START Records for the task

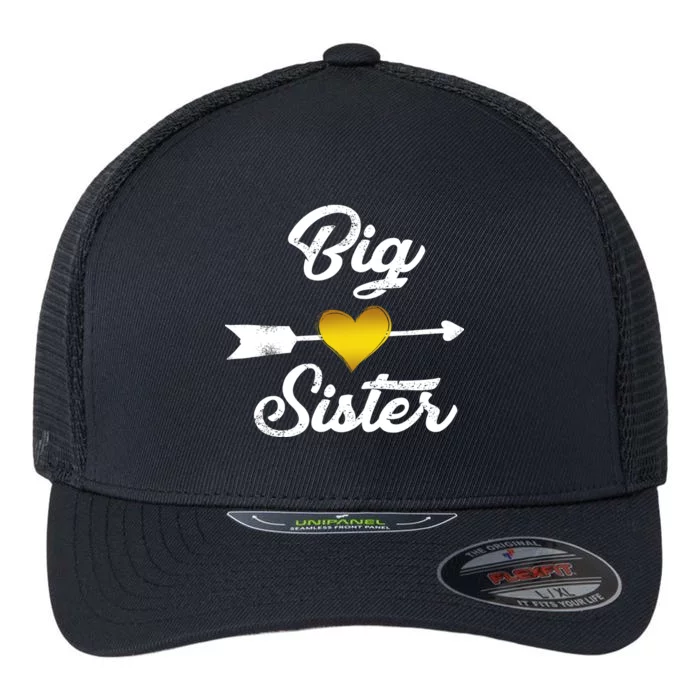 Big Sister Golden Arrow Heart Flexfit Unipanel Trucker Cap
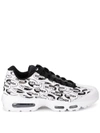 Nike Air Max 95 White Leather Sneaker With Black Print In Multicolor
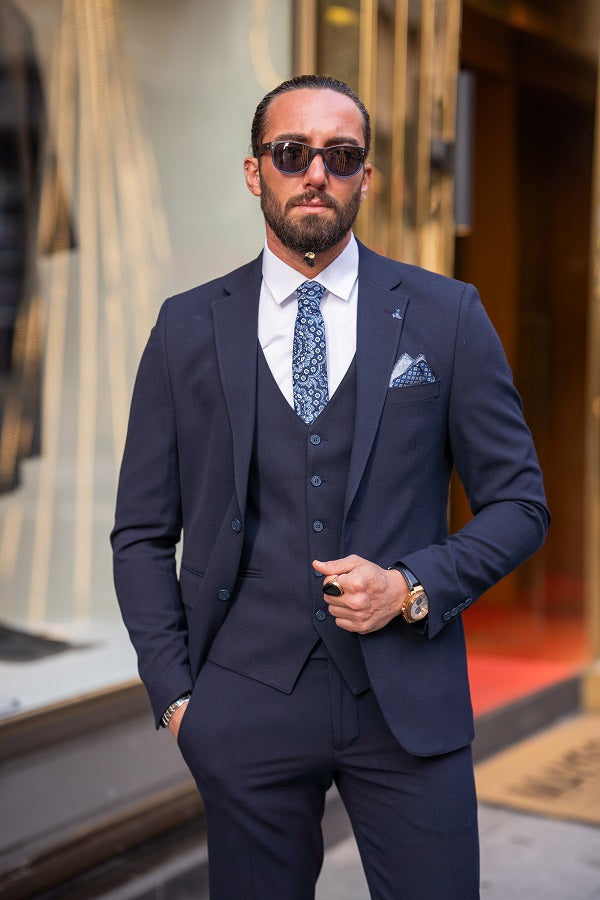 Brabion Lance Navy Blue Slim Fit Three-Piece Suit
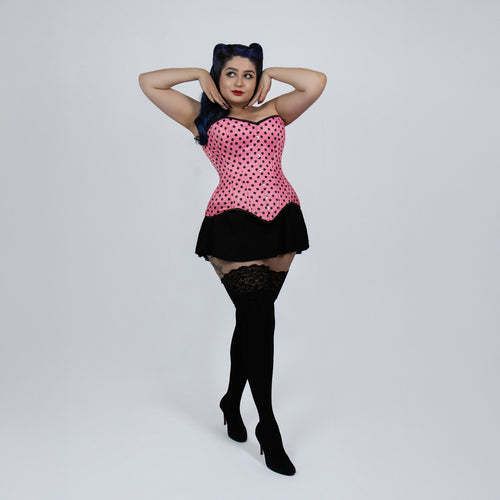 Jessica - Rockabilly Pink Black Polka Dot Pin Up Corset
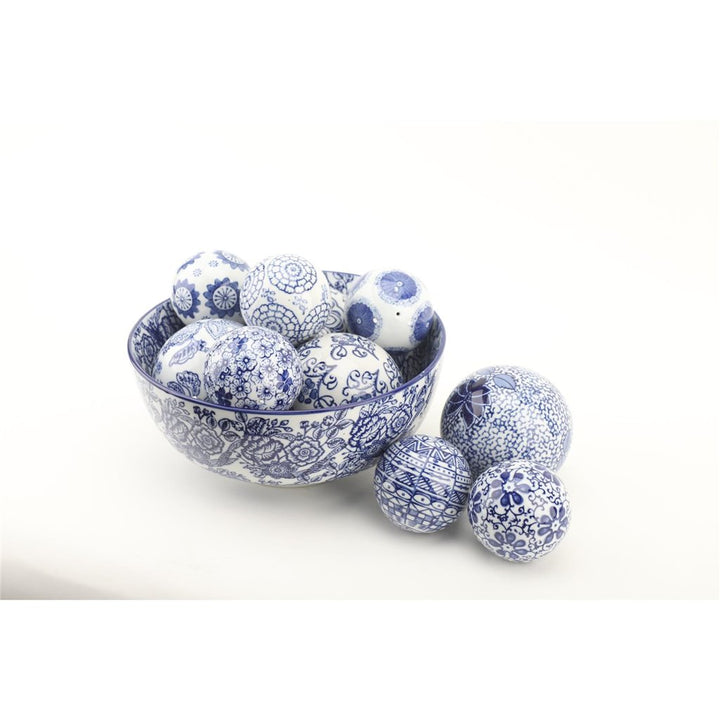 BLUE & WHITE BALL DECOR SET/4, 4.25"
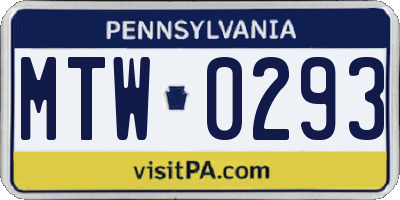 PA license plate MTW0293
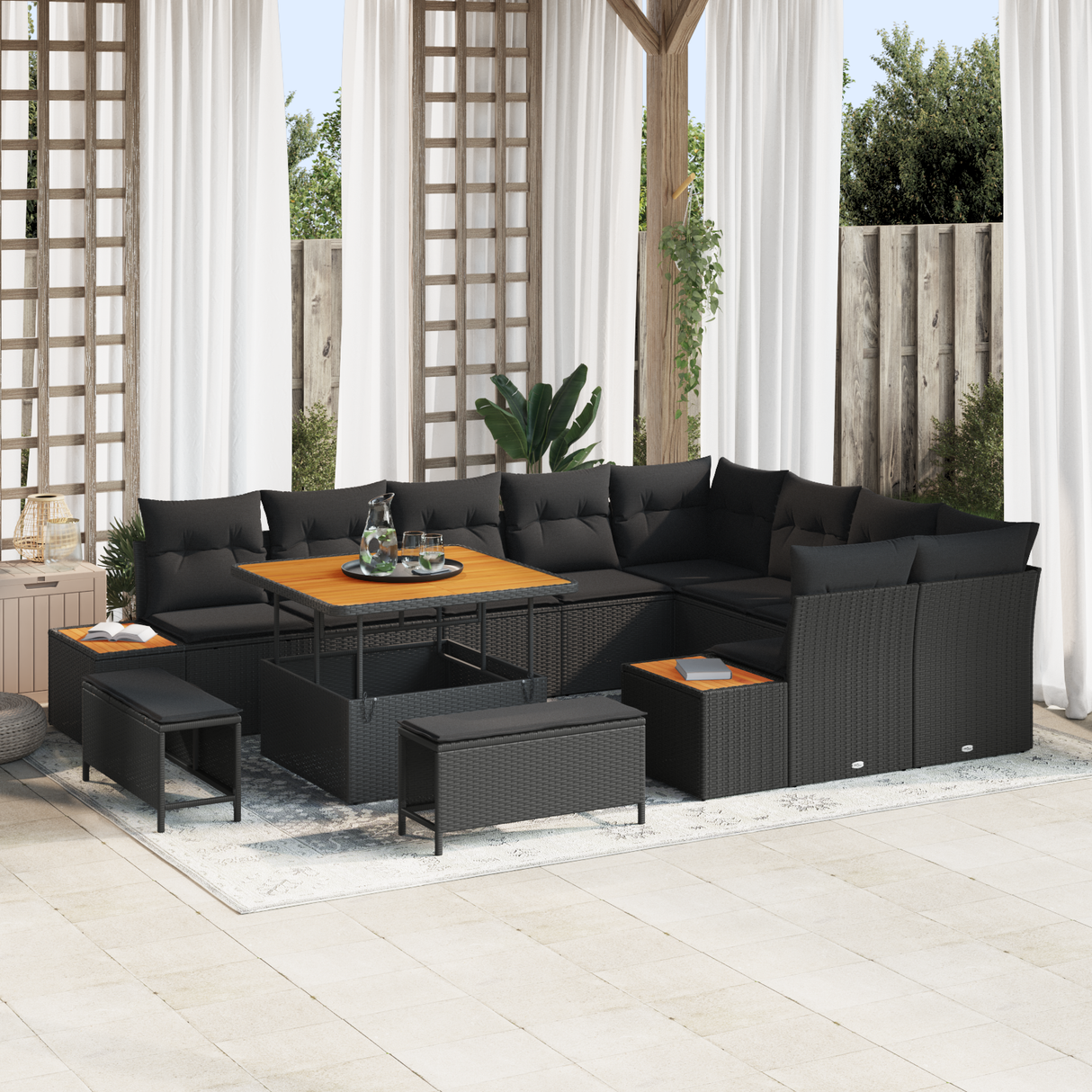 Garden Sofa Set with Cushion 12 pcs Black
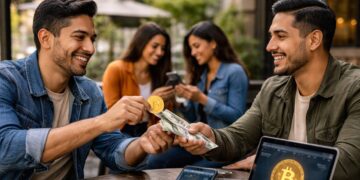 Personas hispanas intercambiando bitcoin de forma directa.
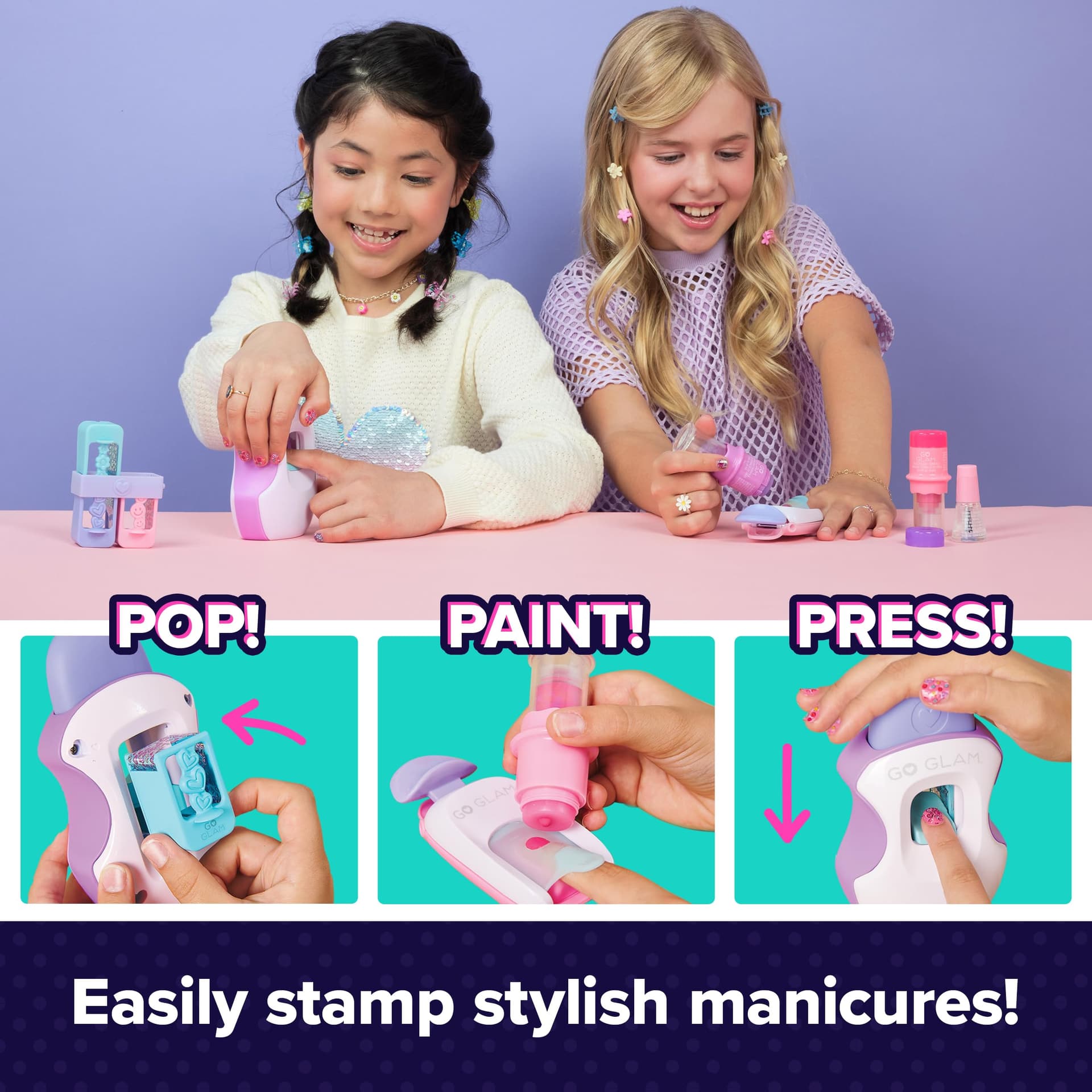 Cool Maker, GO Glam Studio Nail Kit, Style 200 Nails with 4 Designs, 2 Polish Applicators & Nail Mask, Arts and Crafts Kids’ Toys for Girls Aged 7+ thumbnail 2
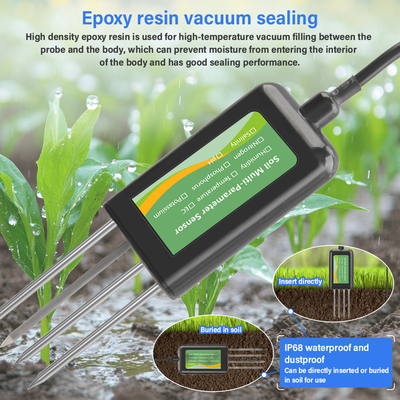 Sensor USB multiparâmetro de solo 8 em 1 Smart NPK EC PH Temperatura Umidade para agricultura de precisão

END Records for the task

- [Goal of the exercise]:
Return all of the lines above without alteration, minus the pictures.

- [Exercise output]:
 Big Sister Golden Arrow Heart Flexfit Unipanel Trucker Cap
 Nike Air Max 95 White Leather Sneaker With Black Print In Multicolor
 Brabion Lance Navy Blue Slim Fit Three-Piece Suit
 Jessica - Rockabilly Pink Black Polka Dot Pin Up Corset
 BLUE & WHITE BALL DECOR SET/4, 4.25"
 PA license plate MTW0293
 Garden Sofa Set with Cushion 12 pcs Black
 Personas hispanas intercambiando bitcoin de forma directa.
 Cool Maker, GO Glam Studio Nail Kit, Style 200 Nails with 4 Designs, 2 Polish Applicators & Nail Mask, Arts and Crafts Kids’ Toys for Girls Aged 7+ thumbnail 2
 Sensor USB multiparâmetro de solo 8 em 1 Smart NPK EC PH Temperatura Umidade para agricultura de precisão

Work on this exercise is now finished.